Böylece, şirketten gelen bilgilerin doğruluğu ve güvenilirliği konusunda kuruculara veya yatırımcılara güvence verir, doğru bilgileri üreten düzenlerin oturmasını sağlar.
İç denetçiden ne bekleyebilirsiniz?
Genel olarak kurulan düzenlerin ilgili kişilerce tam ve olması gerektiği gibi işletildiği hakkında güvenceleri sağlamasını beklersiniz.
Görünümler aşağıdaki gibidir:
- Kayıtların doğru tutulduğu hakkında güvence. Önemlidir çünkü kötü veya gevşek muhasebe yönetimi suistimale, ihmallere veya başkaca ciddi hukuki yahut mali sorunlara yol açabilir.
- Hataların erken aşamada tespiti. Önemlidir çünkü erken aşamada tespit edilen kırmızı alarm konuları çok daha ucuza ve zarar oluşmadan çözülebilir.

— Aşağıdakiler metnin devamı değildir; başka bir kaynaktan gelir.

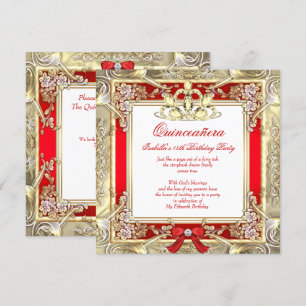 Convite Princesa Quinceanera Dourado Vermelho Prata Branco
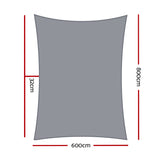 Instahut Shade Sail 6x8m Rectangle 280GSM 98% Grey Shade Cloth SAIL-H-6X8-C-GR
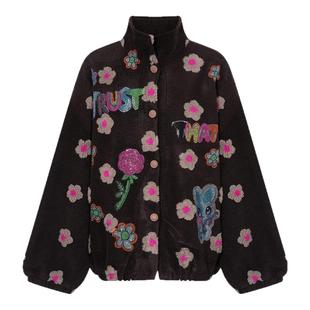 TCH时尚烫钻保暖宽松立领休闲棉服外套女2025冬季新款T75D18E1008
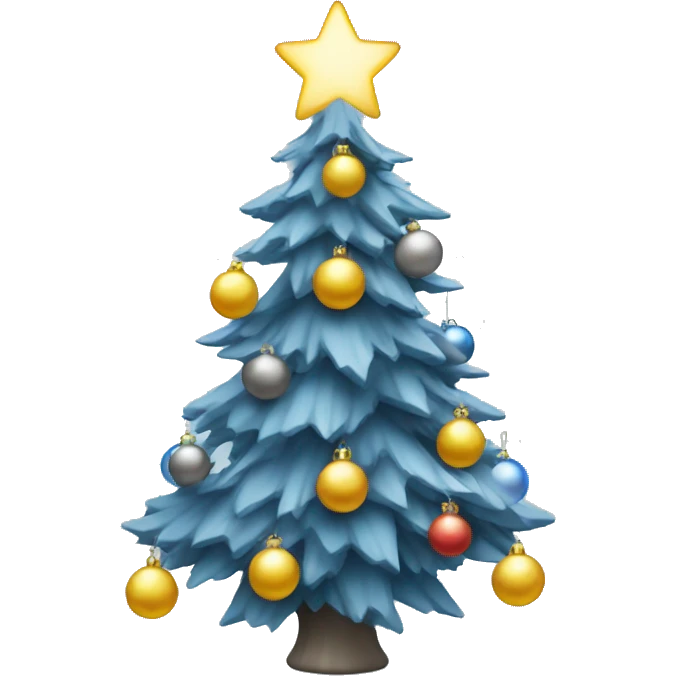 Blue grey Christmas tree with ornaments and light emoji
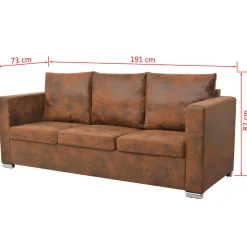 vidaXL 3-zitsbank 191x73x82 cm kunst suède leer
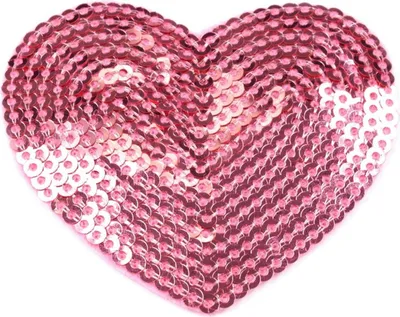 Produktbild von Aufbügler 1 Pailletten Herz 55x60mm zum Aufnähen Aufbügeln, Farbe:rosa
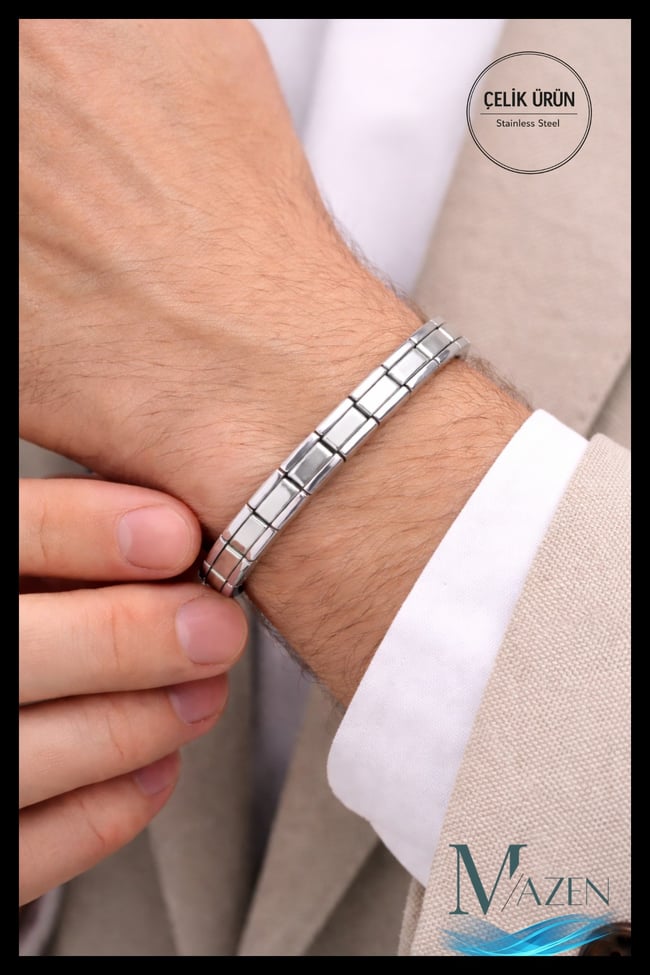 İnce Barlı 7 mm Çelik İtalyan Charm Bileklik ( Beden Seçiniz).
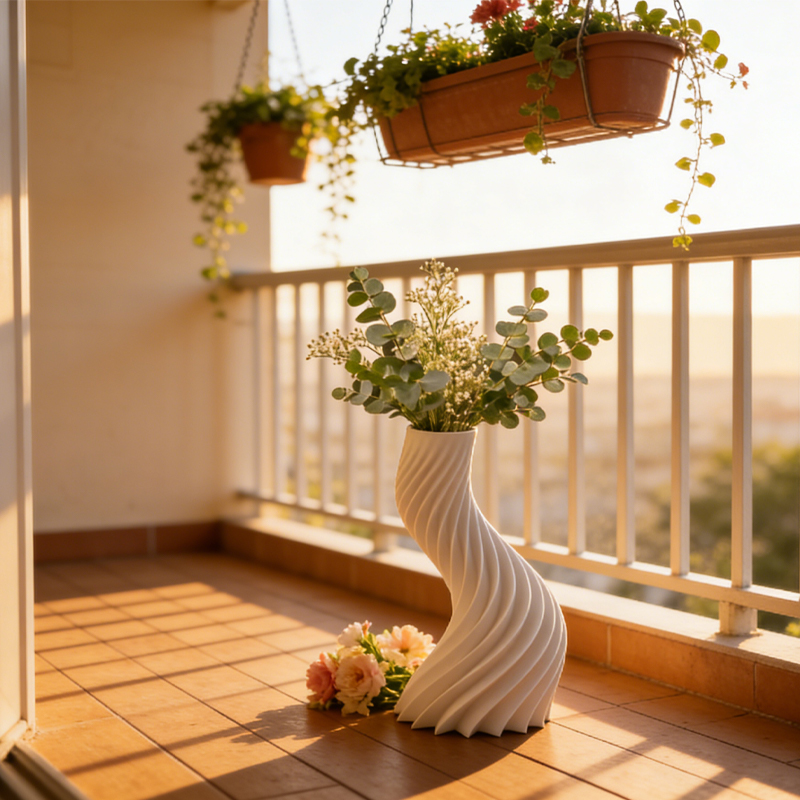 3D-printed spiral striped vase, perfect for small indoor plants, white — image 2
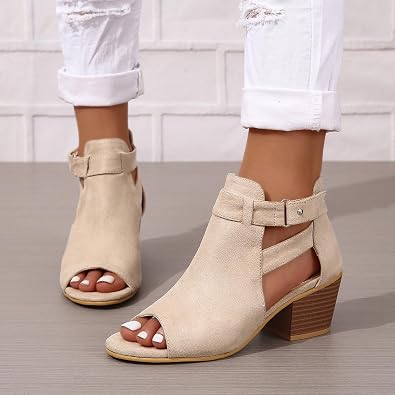 SACFOF Womens Peep Toe Booties Cutout Side Strap Mid Black Chunky Heel Cutout Sandals Ankle Bootie with Back Zipper
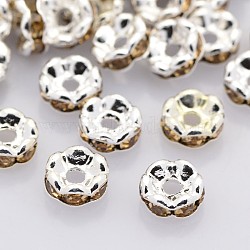 Brass Rhinestone Spacer Beads, Grade AAA, Wavy Edge, Nickel Free, Silver Color Plated, Rondelle, Light Colorado Topaz, 8x3.8mm, Hole: 1.5mm(RB-A014-L8mm-14S-NF)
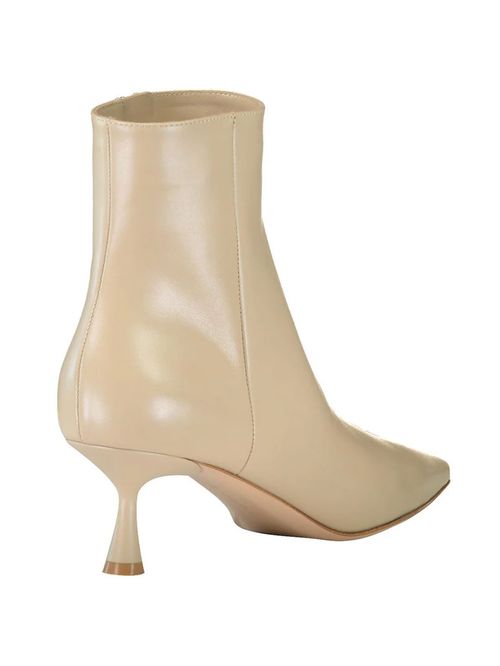 Botine din piele bej 55mm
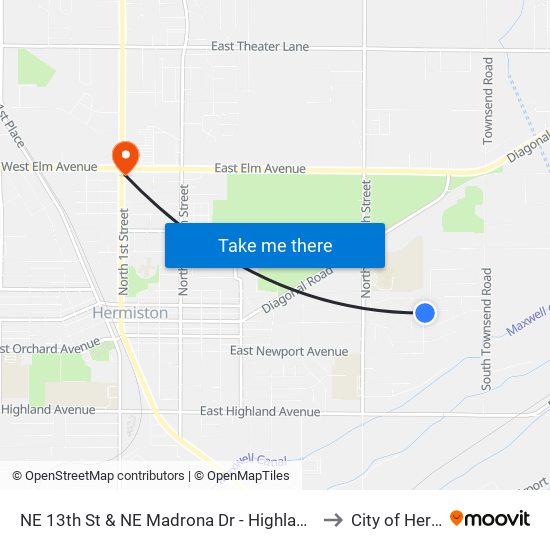 NE 13th St & NE Madrona Dr - Highland Park (Hermiston) to City of Hermiston map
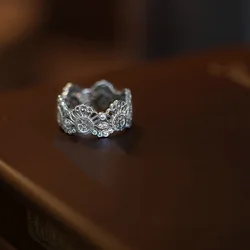 French Vintage Fashion Lace Design Adjustable Ring for Women 2023 New Stainless Steel Knuckle Ring Luxury Jewelry Accessories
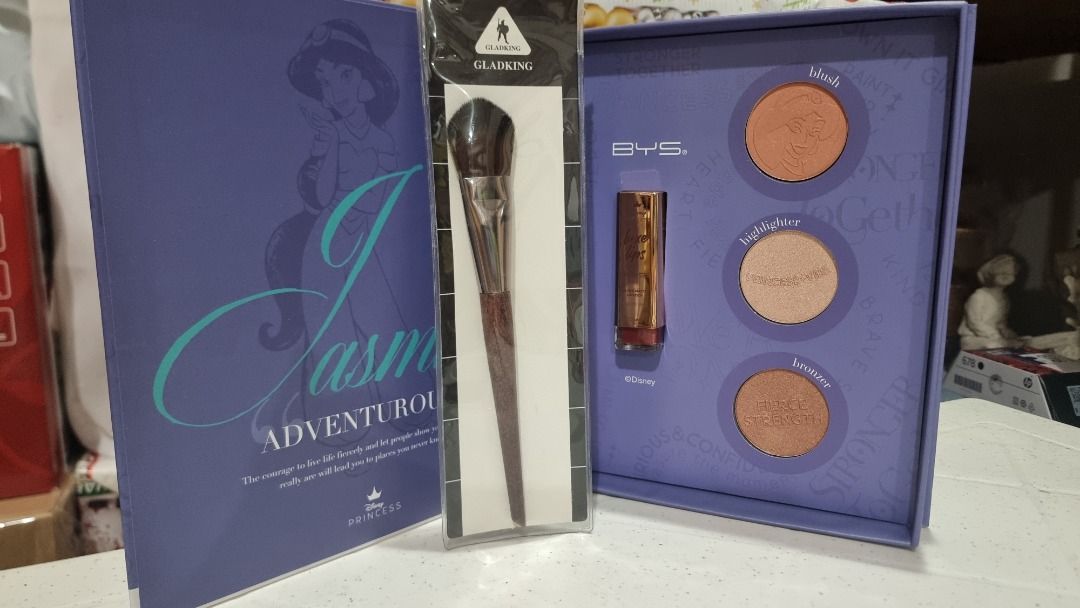 BYS Disney Princess Made Fearless Makeup Set (Category: Makeup) located in Caloocan City. Submitted by vegantita (Listing ID 1344282352, Image 1). Description: Bought this on Dec. 2024 and realized it was not for my skin color. Only tested the bronzer once. I'll also give my preloved foundation brush from GladKing (used only twice, only to test.) Box consists of 1 lipstick, blush, highlighter, and bronzer. Disney character: Jasmin .
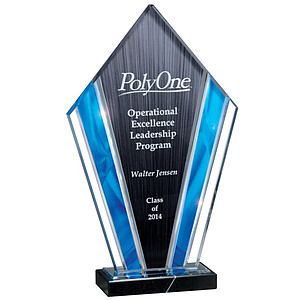 12" Deco Series Blue Acrylic Award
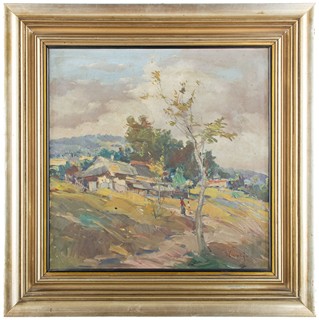 Marcel Krasický (1898 – 1968) - Krajina s venkovskými chalupami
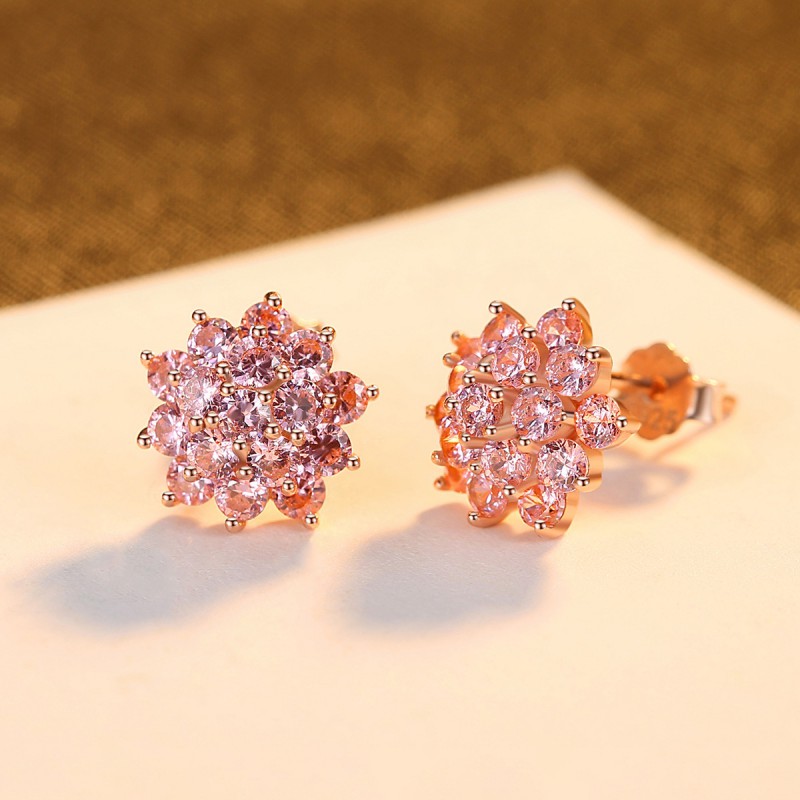 PINK CZ FLOWER SILVER EARRINGS STUD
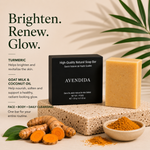 Load image into Gallery viewer, Avenda natural soap bar with turmeric, goat milk, and coconut oil on a neutral background.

- Finansal kaynakların sıkı yönetiminin sağlanması ve yatırım sözleşmesinin gereklerinin ve kontrol mekanizmalarının harfiyen izlendiği hakkında güvence. Önemlidir çünkü girişimci ekibin serbesti alanına koyulan darboğazlar -ne kadar geniş veya dar olması gerektiği ayrı bir tartışma konusudur, bence geniş olmalıdır ancak- bir ülkenin sınırları gibidir. Sınır güvenliği yoksa, orada bir ülkeden söz edilemez. Yatırımcının malvarlığının güvenliği de eğer bu darboğazlar sıkı şekilde gözetilmiyor ise aynı şekilde yoktur.
- İş modelinin kendine özgü risklerinin, ilgili düzenlemelere mutlaka uyumlu seyretmesi gereken noktalarının ve suistimale yer bırakan alanların anlaşılması.
Bahsettiğim iç denetim mekanizması dönemsel satın alınan bir check-up hizmeti gibi değil, sürekli bazda yatırımcı veya kurucular adına girişim şirket(ler)ini bir radar gibi kontrol eden bir görevdir.
Sürdürülebilir ve düzenli iç denetimin şunları sağlaması beklenir:
- Girişim şirketlerinin hızlı büyümelerine karşı düzenlerini ve altyapılarını aynı hızda tesis edememelerinden kaynaklanan riskleri sınırlandırır.
- Girişimin önlenebilir problemlerle ilgili yaşayabileceği itibar kayıplarını bertaraf eder, süreçlerin ilk seferinde doğru yapılmasını güvence altına alması sebebiyle karlılığı artırır, israfı önler, verimi artırır.
- Suistimal risklerini azaltır, yatırımcının yatırımını korur.
- En önemlisi de yatırımcının veya kurucuların, ellerindeki yapı üzerinde sürekli bazda sağlıklı ve doğru bir görüş sahibi olmalarını mümkün kılar.
Unutmayın: gerçekten başarılı mıyız sorusunun cevabı, ancak doğru bir iç denetim ile elde edilen raporlama ile anlaşılabilir.
Yazı hakkındaki fikri veren ve hazırlamamda büyük katkıları olan değerli arkadaşım Sezen Yurdalan Kamçıcı’ya teşekkürlerimle.